Pages in topic:   < [1 2 3 4 5 6 7 8 9 10 11] >
TMLookup
Thread poster: FarkasAndras

FarkasAndras  Identity Verified
Local time: 18:10
English to Hungarian
+ ...
TOPIC STARTER
Yes it is Jan 5, 2016

Michael Beijer wrote:

Strange. I actually find those 895 hits in my screenshot very useful. It's far from "useless and time-consuming". In fact, that is exactly how I use TMLookup: if I can't think of a translation for a word when translating, I selected and press my TMLookup shortcut. The program immediately springs into action and shows me if the relevant term is present in my extremely large database consisting of TMXs. 895 hits is great, and just what I want in such a case.
However, sometimes, it would be useful to be able to filter on individual TMXs, and thus narrow down the results.

I'm also happy to get hundreds of hits from a db search. I look at the first dozen, and if there is a mix of two or three translations that all look acceptable for my context, I can do a quick numbers comparison: do dual-language searches with each of the possible translations and see which is more frequent. If translation A co-occurs with my source term 6 times, translation B 24 times and translation C 657 times, then C is the most likely candidate. If I got 5 hits in total with a distribution of 1-1-2 I wouldn't have much to go on.
It's pretty easy to restrict searches by adding search terms as needed, and TMLookup even supports boolean seaches, so you can do things like:
train NOT rail NOT trasport NOT passenger
or
"carry out" OR "implement" strategies
You can also add terms in both languages at the same time AND you can do regex searches. Honestly, I'm not sure what other possible options exist for refining searches. Fuzzy searches would improve the overall performance, but that would come at the cost of speed and precision, as well as increased complexity and probably DB size.


 

Meta Arkadia
Local time: 00:10
English to Indonesian
+ ...
The One Word Jan 5, 2016

FarkasAndras wrote:
I'm also happy to get hundreds of hits from a db search.


I'm happy when my CAT tool automatically inserts the right word for me.

Cheers,

Hans


 

FarkasAndras  Identity Verified
Local time: 18:10
English to Hungarian
+ ...
TOPIC STARTER
Really? Jan 5, 2016

Your CAT doesn't have a translator's professional knowledge and judgement, so most of the time it doesn't know what the correct word is. Hence the need for human research and, by extension, the need for translators.

 

Michael Beijer  Identity Verified
United Kingdom
Local time: 17:10
Member (2009)
Dutch to English
+ ...
your "One Word" is a myth (and a very harmful one at that) Jan 5, 2016

The One Word

Meta Arkadia wrote:

FarkasAndras wrote:
I'm also happy to get hundreds of hits from a db search.
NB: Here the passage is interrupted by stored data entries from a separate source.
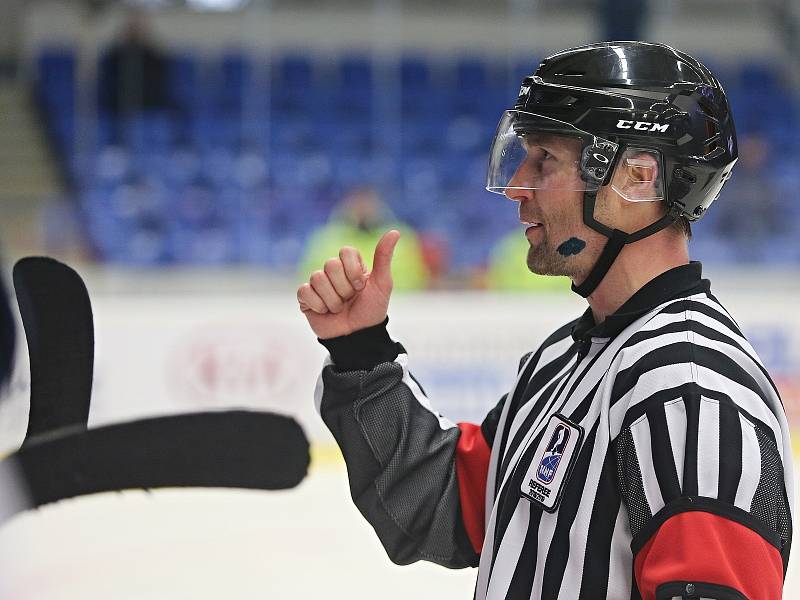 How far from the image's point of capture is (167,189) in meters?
6.56

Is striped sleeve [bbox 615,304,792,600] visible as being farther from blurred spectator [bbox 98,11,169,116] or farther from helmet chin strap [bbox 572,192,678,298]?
blurred spectator [bbox 98,11,169,116]

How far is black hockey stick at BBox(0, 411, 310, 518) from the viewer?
0.65m

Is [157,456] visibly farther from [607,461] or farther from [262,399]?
[262,399]

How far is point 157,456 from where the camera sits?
682mm

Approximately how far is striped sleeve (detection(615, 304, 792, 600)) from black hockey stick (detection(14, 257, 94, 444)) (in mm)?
632

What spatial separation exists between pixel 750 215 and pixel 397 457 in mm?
5435

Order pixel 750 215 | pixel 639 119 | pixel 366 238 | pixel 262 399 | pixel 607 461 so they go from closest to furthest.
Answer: pixel 607 461
pixel 639 119
pixel 262 399
pixel 366 238
pixel 750 215

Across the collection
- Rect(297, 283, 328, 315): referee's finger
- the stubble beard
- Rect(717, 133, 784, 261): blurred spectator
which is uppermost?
the stubble beard

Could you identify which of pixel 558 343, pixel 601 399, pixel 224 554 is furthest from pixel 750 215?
pixel 601 399

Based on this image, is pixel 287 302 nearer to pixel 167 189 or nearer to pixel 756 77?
pixel 167 189

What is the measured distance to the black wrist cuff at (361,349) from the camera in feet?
5.11

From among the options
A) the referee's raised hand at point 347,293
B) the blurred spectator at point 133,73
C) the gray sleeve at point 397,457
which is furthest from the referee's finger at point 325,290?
the blurred spectator at point 133,73

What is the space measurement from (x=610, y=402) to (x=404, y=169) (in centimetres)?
571

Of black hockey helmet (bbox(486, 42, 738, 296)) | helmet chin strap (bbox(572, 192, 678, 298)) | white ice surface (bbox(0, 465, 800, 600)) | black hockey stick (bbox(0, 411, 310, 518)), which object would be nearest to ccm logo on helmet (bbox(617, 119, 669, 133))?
black hockey helmet (bbox(486, 42, 738, 296)) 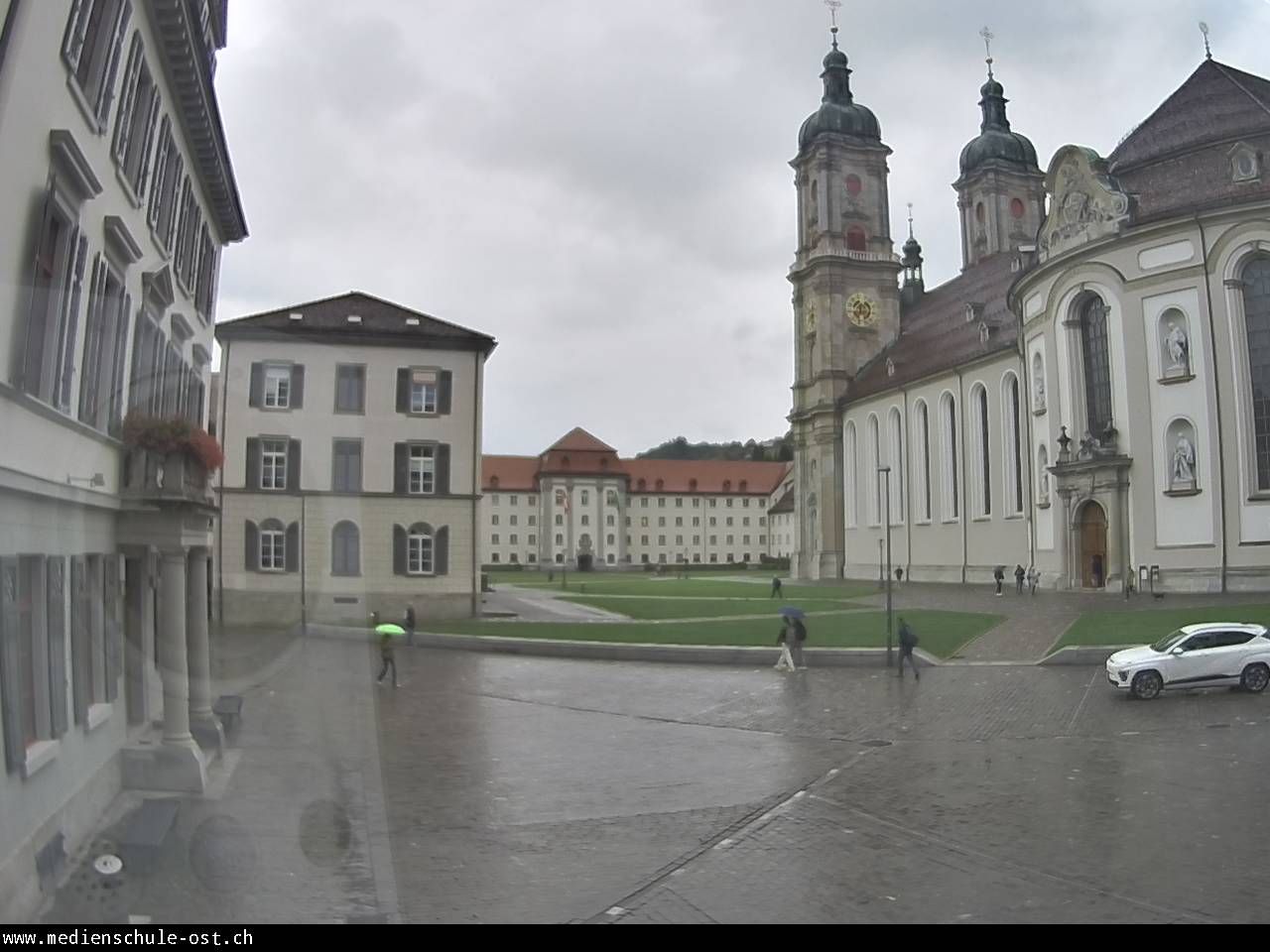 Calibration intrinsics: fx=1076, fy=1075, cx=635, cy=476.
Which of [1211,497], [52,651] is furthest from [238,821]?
[1211,497]

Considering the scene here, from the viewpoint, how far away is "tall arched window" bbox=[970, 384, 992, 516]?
59.2 m

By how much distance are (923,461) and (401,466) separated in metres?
51.4

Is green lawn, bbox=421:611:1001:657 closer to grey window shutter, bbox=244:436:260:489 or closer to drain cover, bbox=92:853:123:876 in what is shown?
grey window shutter, bbox=244:436:260:489

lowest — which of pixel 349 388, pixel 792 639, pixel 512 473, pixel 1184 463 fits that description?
pixel 792 639

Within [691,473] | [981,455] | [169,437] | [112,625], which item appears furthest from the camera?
[691,473]

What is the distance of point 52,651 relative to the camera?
920cm

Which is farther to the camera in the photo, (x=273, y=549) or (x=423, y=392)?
(x=423, y=392)

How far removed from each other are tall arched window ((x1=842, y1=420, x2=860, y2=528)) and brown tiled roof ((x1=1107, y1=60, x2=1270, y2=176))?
31.6 metres

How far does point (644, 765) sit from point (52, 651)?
24.6 feet

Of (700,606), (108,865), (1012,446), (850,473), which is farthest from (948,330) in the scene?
(108,865)

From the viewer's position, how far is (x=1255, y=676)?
1941 centimetres

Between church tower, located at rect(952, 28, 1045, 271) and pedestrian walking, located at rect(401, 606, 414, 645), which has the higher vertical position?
church tower, located at rect(952, 28, 1045, 271)

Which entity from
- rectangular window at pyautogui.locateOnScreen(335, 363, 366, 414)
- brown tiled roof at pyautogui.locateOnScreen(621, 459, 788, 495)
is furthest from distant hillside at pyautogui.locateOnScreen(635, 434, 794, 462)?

I'm happy when my CAT tool automatically inserts the right word for me.

Cheers,

Hans


Personally, I think that that whole approach is complete and utter nonsense. A chimera if you will, and one that I have recently stopped chasing. I actually just wrote about this very same topic to a colleague this morning, which I will share here as it is relevant:

Email:
"My main aim for this year is to simplify all of my workflows: strip away absolutely everything that is not needed, so I can make as much money as possible. With this in mind, I have completely stopped adding thousands of little snippets to my various glossaries when translating, as I discovered that it was really slowing me down, and not really paying off since I do not rely on AA, but instead on a combination of Google Translate and dictation.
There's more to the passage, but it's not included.